The earlier results of no correlation surprised me. I then thought of the common saying that you need only 3 superstars to win. Therefore, extending the reach of players to 7 may be too far. I shortened it to just checking the draft status of the top 3 win share contributers and plotted it again.

This did show a negative correlation this time as what was expected. However, the R^2 value is just 0.1161. This however can be due to the discrete range and limited x-values. This can still be viewed as significant and provide grounds for the statement that small market teams best chance of winning is tanking. 


### Dual plot of the number of championships and average amount of players drafted vs. the media market bin

```{r}
winbin_plt
```

***

This next plot shows the proportion of championships and average number of players drafted against the media market. I binned the media markets into 7 equal sized bin, with 1 being the smallest market size and 7 being the highest. The graph for the proportion is clearly increasing while the average drafted shows a faint normal distribution shape with skewness to the right. Again, although market size and drafted correlation is debatable, it is a fact that large market teams have dominated the conference championship arena. 

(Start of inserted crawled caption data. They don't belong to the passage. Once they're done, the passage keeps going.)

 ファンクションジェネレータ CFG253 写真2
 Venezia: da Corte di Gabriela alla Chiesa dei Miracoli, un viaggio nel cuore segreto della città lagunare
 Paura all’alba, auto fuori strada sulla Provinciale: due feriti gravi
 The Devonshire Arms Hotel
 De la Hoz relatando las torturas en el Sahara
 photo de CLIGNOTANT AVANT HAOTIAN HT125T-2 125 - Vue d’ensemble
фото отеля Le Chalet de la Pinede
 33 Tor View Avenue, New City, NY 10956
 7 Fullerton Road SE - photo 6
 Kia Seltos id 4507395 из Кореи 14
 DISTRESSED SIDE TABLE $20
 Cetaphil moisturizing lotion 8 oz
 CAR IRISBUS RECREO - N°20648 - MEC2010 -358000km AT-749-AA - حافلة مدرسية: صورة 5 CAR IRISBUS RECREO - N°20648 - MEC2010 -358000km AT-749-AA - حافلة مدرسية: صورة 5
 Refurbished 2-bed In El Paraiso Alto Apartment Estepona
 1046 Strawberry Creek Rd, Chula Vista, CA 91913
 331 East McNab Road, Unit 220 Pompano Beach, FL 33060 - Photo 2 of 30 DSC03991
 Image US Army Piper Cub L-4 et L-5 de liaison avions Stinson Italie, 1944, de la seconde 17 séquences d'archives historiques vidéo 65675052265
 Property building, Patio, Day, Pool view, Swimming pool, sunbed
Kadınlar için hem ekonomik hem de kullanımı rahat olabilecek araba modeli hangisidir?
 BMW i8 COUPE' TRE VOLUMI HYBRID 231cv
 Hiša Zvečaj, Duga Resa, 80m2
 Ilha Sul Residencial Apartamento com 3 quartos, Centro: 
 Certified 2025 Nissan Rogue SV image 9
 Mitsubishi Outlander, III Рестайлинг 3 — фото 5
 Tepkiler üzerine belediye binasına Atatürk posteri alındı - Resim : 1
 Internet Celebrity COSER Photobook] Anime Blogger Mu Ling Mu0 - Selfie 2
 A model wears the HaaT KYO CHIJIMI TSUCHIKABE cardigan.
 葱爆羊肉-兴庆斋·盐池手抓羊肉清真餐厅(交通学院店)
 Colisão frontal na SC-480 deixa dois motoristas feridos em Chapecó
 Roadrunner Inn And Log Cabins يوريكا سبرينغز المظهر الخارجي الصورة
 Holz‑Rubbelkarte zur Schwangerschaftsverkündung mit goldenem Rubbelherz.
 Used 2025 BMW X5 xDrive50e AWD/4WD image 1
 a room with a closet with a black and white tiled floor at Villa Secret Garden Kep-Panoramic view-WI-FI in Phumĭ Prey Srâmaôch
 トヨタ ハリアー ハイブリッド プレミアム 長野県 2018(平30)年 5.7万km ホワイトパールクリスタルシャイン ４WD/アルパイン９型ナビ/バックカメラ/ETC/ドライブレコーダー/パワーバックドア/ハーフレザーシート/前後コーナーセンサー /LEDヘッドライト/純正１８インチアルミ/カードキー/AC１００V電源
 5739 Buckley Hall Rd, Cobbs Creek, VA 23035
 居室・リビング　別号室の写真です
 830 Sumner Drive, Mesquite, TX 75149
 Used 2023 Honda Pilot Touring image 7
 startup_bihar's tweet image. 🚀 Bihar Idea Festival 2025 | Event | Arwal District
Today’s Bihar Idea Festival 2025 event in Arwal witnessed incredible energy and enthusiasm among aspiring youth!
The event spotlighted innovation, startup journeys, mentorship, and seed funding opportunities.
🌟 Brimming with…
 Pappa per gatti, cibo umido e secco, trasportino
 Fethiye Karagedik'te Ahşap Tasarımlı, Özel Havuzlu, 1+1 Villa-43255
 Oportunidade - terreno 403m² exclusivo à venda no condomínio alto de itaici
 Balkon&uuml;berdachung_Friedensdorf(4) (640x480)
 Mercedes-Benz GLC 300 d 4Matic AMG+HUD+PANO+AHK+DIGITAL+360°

This can be for a number of reasons. One being the impact of one player can skew the results with the short sample size of 26 years. For example, Michael Jordan can account for 6 championships and LeBron, 7 (conference championships). 


### Table of data

```{r}
datatable(table_view)
```

***

This table shows most of the data from which the plots were made. The data was obtained from www.basketballreference.com. In conclusion, there is weak evidence to say that small market teams must tank and rely on draft picks to win a championship as they don't have the lure big market teams do to attract big signings. However, I believe that the history of the modern NBA is too short to make any definitive conclusion.

If I were to do this more in depth, I would classify the non-drafted players as signed or traded. This will give a better indication of the team composition.